The county is directly in the middle of the country and gives easy access to some of the highest points of Taiwan's Central Mountain Range (中央山脈) with 41 of Taiwan's 100 mountains which have peaks over 3000 meters high.   

The lake is considered holy land and the area surrounding it is home to the “Thao” (邵族), one of Taiwan's Indigenous tribes which has unfortunately become one of Taiwan's smallest remaining (recognized) indigenous groups. 

Like many other indigenous groups in Taiwan who are still unrecognized by the central government, it took far too long for the Thao people to actually get the recognition they deserved when it came to their home and their claim that Sun Moon Lake is part of their holy land. 

Over the past century, they have had to endure the Japanese occupation which considered all indigenous groups “savages” and then the latter half of the century with the Chinese Nationalists who did their best to “sinicize” all of Taiwan’s indigenous people by forcing them to learn Mandarin and changing their way of life. 
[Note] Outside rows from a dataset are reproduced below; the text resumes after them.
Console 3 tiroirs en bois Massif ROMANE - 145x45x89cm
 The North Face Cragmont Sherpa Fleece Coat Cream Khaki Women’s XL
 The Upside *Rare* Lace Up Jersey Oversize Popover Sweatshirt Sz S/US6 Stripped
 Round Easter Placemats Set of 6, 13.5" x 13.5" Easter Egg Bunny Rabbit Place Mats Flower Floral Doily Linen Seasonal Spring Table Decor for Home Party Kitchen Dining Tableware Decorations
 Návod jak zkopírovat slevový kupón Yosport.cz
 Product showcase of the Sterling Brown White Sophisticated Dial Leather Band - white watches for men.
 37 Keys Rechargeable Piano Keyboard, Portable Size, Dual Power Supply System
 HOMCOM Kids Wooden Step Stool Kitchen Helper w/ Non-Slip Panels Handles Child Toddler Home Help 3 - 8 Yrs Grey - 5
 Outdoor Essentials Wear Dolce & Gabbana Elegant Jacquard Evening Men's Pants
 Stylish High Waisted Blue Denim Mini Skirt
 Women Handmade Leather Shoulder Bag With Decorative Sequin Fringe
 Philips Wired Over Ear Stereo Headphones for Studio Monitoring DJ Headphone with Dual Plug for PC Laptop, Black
They fortunately received recognition in 2001 as one of Taiwan’s ten different ethnic indigenous groups and the population has slowly started to rise due to efforts to preserve the culture.  

Lalu island (拉魯島), a small island in the middle of the lake is especially important to the Thao people, but has been used in the past as a popular place for weddings by other ethnic groups who came to the island.

Even more unfortunate is that the island has suffered over the past century due to the construction of a dam that raised the water levels in the lake and the effects of the devastating earthquake on September 21st 1999 (九二一大地震) which rocked central Taiwan and wreaked massive destruction. 

Since the cooling of hostilities between the Republic of China (Taiwan) and the People’s Republic of China (China) tourism has become a major source of income for the area and what was once a very relaxing and peaceful area to visit has now become laden with development and littered with tourists who take boat rides across the lake ultimately causing a lot of pollution. 

When I first visited the lake years ago I thought it was a perfect escape from the bustling cities in the north. You could sit on the board walk and watch the sun rise or the sun set in perfect quiet.

When I visited this time however every five meters that I walked I was asked by somebody if I wanted a boat ride, which made me feel like I was touring somewhere in South East Asia.

The lake itself, despite all of this however is still beautiful. I visited on Christmas, and while most Canadians oddly wish for a white Christmas, I was perfectly happy with my colourful Christmas with the emerald green waters of the lake, the blue sky and the green mountains that surround it. It was also a nice escape from the weather in the north of Taiwan which at the time was pretty dreary. 

I didn’t have much time during this visit to Sun Moon Lake as I was just stopping by for a few hours before making my way up into to the mountains. I did have a nice walk around half of the lake and had an excellent view of the lake from the Starbucks by the boardwalk. 

I sincerely hope that the Taiwanese central government and the Nantou county government has the foresight to curb some of the development around the lake and do more to preserve the pristine beauty of the area so that future generations can enjoy it as much as we do now. 

If you have a chance to visit Taiwan, make sure Sun Moon Lake and Nantou is on your list of places to visit.